EXERCISE BRIEF = Copy out the entries below exactly as they stand, but only from the line containing "Руководство по llms.txt: Настройка, Примеры" through the line containing "Sofubo wo Tazunete".

THE RECORDS =
══════
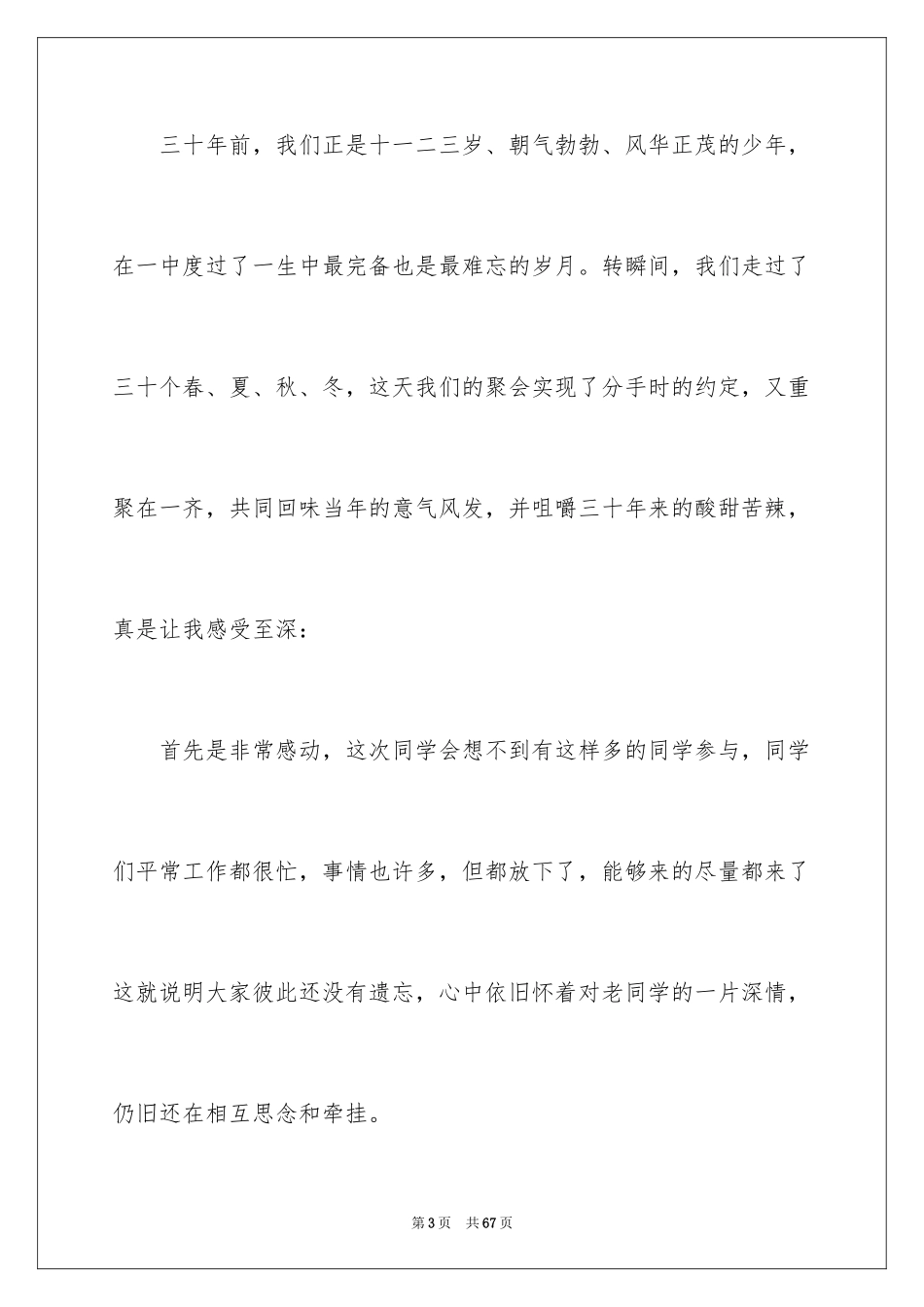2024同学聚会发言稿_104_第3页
══════
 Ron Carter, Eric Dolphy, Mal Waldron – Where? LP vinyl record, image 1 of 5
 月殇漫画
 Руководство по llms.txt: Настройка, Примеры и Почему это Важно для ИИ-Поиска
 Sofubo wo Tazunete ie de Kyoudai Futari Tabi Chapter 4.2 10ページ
══════
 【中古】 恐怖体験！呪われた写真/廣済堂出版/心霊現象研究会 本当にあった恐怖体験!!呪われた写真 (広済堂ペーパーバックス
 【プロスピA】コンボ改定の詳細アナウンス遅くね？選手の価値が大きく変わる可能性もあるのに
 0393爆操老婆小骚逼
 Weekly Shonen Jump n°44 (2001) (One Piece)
══════
SOLUTION TO THE PROBLEM =
 Руководство по llms.txt: Настройка, Примеры и Почему это Важно для ИИ-Поиска
 Sofubo wo Tazunete ie de Kyoudai Futari Tabi Chapter 4.2 10ページ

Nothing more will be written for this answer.